[Problem requirements]:
From the records below, print exactly the lines starting at the one containing "Invitación Flores blancas" and ending at the one containing "5-Shelf Adjustable Floor", ends included, and nothing else.

[Given information]:

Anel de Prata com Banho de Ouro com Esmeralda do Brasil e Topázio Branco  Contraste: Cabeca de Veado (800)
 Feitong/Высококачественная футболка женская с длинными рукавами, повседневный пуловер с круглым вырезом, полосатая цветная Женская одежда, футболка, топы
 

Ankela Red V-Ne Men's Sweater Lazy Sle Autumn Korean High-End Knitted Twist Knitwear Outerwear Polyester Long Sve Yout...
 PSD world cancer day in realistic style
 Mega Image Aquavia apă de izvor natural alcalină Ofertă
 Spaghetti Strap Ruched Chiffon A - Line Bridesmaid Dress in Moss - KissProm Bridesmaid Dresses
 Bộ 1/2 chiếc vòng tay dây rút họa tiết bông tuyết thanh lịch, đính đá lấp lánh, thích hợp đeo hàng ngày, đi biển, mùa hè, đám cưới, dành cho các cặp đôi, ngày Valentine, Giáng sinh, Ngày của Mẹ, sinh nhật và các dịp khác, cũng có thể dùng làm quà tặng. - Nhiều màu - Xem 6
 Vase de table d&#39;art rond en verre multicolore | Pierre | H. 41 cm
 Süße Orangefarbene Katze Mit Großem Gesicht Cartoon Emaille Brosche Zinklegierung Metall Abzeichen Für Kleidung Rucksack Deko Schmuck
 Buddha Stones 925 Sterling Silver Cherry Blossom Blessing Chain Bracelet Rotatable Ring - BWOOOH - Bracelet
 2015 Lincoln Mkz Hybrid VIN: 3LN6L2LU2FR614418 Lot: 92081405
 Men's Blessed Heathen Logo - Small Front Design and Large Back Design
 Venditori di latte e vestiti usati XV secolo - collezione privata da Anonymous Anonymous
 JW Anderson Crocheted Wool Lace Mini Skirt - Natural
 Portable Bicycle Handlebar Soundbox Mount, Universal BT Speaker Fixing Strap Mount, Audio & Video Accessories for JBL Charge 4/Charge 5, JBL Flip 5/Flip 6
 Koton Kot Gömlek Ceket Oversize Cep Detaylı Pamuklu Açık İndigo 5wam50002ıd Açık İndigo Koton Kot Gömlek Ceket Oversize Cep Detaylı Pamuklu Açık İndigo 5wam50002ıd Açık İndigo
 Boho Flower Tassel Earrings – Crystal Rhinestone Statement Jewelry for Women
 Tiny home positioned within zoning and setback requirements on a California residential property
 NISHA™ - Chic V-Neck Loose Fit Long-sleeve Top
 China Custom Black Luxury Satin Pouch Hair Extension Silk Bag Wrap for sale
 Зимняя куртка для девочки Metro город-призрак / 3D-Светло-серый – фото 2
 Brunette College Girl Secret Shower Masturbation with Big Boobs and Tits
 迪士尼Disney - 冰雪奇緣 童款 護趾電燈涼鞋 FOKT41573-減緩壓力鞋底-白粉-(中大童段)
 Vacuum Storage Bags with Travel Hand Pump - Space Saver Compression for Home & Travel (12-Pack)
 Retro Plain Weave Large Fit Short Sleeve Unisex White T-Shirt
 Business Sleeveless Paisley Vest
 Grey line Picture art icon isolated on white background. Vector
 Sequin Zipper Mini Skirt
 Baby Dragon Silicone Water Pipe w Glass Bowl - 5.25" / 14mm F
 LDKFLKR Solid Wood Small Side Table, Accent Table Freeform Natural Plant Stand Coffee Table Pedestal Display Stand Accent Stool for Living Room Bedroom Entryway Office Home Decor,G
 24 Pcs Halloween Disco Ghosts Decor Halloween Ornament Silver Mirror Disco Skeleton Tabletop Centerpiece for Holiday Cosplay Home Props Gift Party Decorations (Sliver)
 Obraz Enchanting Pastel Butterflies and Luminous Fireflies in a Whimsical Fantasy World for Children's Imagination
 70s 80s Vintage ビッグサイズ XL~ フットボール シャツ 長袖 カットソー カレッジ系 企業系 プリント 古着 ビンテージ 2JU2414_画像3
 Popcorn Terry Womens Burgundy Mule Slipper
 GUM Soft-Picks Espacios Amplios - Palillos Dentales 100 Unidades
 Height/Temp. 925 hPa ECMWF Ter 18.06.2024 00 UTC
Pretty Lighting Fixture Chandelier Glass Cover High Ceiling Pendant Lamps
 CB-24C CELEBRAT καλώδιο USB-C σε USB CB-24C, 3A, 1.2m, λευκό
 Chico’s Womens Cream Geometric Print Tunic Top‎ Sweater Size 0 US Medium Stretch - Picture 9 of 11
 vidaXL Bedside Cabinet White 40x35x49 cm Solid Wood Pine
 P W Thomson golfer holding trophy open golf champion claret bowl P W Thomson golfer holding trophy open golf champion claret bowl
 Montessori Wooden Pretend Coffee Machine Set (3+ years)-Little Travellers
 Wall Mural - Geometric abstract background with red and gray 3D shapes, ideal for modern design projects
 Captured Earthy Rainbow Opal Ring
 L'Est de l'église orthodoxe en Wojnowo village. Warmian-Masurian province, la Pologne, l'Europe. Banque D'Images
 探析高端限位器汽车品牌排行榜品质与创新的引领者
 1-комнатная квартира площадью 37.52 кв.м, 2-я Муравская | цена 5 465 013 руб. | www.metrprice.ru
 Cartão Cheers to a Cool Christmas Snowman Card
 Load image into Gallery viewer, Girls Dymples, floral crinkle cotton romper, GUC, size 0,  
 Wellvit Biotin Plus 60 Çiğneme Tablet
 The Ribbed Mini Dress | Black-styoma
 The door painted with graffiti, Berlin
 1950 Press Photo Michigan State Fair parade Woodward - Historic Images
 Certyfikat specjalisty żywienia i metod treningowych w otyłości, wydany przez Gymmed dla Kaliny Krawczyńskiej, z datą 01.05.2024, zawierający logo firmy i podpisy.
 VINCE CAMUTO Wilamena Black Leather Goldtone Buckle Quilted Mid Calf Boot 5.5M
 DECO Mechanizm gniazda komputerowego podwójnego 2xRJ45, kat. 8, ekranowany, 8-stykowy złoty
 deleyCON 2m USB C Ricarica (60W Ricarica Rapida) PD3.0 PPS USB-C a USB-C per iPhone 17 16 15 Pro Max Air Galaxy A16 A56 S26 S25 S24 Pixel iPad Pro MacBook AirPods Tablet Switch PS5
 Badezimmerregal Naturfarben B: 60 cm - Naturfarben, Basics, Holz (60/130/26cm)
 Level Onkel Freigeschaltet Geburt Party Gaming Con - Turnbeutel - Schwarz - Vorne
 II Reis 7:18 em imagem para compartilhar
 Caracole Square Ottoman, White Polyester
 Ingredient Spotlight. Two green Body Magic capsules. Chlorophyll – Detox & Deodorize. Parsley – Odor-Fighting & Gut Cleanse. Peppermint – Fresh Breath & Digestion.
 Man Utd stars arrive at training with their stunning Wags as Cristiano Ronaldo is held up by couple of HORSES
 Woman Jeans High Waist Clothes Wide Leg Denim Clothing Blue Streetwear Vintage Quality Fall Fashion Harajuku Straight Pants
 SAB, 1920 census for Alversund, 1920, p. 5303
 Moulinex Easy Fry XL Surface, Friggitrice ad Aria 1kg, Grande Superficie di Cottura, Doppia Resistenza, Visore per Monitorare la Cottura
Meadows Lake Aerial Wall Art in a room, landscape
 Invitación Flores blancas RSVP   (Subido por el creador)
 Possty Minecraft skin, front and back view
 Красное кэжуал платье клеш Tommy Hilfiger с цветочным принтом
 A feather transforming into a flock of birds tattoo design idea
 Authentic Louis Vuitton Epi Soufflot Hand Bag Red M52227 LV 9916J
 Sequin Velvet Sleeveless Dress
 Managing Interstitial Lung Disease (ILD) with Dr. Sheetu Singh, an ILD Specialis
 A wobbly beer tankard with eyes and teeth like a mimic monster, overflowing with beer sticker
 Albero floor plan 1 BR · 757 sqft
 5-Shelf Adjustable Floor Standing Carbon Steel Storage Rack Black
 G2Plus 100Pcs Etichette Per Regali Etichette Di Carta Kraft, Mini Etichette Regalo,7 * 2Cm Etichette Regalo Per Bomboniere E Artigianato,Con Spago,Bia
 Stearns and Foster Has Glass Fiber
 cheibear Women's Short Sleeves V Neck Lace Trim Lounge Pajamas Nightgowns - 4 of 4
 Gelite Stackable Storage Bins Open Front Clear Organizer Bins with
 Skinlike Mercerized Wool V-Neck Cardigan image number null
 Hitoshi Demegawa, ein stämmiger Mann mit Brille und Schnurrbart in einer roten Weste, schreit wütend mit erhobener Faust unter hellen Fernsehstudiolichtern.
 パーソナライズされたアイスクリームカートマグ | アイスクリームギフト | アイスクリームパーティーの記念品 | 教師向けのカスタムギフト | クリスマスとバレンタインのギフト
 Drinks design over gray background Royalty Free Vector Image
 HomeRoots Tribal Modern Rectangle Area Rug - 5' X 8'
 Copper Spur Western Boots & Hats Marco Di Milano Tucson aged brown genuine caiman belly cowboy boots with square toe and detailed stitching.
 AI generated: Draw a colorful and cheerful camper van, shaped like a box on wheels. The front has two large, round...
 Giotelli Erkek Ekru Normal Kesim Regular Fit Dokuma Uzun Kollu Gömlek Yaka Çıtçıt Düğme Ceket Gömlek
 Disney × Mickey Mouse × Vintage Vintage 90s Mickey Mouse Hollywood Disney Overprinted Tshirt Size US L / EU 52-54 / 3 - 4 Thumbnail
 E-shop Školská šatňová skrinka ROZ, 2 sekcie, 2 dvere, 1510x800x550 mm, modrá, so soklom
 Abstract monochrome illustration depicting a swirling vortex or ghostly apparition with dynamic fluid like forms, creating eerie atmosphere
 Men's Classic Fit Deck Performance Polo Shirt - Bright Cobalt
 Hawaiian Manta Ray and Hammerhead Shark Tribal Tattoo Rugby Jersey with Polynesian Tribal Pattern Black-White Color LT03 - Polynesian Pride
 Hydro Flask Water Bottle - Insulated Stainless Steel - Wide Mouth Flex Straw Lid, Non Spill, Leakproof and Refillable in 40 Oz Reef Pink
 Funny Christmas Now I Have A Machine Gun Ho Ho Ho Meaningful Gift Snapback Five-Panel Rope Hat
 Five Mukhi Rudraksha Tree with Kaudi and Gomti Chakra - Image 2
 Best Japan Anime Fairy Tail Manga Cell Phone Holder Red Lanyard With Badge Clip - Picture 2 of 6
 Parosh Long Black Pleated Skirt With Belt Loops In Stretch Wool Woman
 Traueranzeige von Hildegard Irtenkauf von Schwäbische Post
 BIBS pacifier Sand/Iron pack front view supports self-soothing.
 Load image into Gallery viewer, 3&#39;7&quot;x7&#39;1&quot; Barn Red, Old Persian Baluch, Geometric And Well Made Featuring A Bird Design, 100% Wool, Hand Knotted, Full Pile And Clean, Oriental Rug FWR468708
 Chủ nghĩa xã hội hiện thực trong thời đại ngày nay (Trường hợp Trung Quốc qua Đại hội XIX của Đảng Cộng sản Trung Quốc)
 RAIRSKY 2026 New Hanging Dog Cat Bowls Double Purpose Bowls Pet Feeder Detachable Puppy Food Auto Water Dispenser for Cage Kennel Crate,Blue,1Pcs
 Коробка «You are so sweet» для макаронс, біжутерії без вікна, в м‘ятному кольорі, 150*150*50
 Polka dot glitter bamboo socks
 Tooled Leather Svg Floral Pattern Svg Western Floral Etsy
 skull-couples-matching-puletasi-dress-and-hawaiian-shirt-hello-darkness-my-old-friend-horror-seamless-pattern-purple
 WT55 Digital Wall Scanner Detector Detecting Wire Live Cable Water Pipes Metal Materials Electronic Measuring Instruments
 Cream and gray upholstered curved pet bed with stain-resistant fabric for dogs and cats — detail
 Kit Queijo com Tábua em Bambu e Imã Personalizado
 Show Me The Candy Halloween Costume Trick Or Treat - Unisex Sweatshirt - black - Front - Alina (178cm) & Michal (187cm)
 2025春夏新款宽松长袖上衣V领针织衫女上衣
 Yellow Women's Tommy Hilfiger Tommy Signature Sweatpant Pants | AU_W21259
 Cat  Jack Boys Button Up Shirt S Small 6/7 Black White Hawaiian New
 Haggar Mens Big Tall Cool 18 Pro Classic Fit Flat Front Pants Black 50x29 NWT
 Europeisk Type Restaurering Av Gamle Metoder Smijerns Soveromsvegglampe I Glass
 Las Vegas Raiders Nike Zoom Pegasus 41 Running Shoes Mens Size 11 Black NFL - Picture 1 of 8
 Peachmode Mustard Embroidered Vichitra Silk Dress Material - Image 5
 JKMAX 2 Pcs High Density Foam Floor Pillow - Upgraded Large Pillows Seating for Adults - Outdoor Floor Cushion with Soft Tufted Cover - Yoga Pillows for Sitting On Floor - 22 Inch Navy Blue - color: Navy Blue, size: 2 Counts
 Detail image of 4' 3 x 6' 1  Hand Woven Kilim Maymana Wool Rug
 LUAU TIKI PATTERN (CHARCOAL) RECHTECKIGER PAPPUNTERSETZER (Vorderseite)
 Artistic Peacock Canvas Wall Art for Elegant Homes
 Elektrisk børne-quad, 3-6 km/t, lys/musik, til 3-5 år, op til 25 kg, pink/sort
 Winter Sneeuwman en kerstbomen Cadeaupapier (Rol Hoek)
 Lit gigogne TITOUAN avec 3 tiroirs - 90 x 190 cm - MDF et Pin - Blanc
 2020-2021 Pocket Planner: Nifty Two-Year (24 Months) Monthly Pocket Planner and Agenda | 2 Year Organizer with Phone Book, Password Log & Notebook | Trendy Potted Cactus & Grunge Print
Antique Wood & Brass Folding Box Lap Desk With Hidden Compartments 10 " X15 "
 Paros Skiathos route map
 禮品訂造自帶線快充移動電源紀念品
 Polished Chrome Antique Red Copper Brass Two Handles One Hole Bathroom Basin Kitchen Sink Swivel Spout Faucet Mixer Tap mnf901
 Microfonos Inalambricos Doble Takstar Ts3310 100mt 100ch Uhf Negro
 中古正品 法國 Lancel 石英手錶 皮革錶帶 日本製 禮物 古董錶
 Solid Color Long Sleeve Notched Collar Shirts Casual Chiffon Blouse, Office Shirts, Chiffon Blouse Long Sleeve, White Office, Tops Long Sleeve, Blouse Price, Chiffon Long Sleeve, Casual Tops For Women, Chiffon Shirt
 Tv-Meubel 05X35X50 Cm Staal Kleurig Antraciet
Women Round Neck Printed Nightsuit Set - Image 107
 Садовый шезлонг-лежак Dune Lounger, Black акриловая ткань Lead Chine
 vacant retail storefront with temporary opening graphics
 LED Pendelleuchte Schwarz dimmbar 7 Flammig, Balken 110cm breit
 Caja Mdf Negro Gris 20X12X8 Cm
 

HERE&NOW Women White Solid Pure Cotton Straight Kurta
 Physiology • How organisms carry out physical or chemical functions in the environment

[Solution to the problem]:
 Invitación Flores blancas RSVP   (Subido por el creador)
 Possty Minecraft skin, front and back view
 Красное кэжуал платье клеш Tommy Hilfiger с цветочным принтом
 A feather transforming into a flock of birds tattoo design idea
 Authentic Louis Vuitton Epi Soufflot Hand Bag Red M52227 LV 9916J
 Sequin Velvet Sleeveless Dress
 Managing Interstitial Lung Disease (ILD) with Dr. Sheetu Singh, an ILD Specialis
 A wobbly beer tankard with eyes and teeth like a mimic monster, overflowing with beer sticker
 Albero floor plan 1 BR · 757 sqft
 5-Shelf Adjustable Floor Standing Carbon Steel Storage Rack Black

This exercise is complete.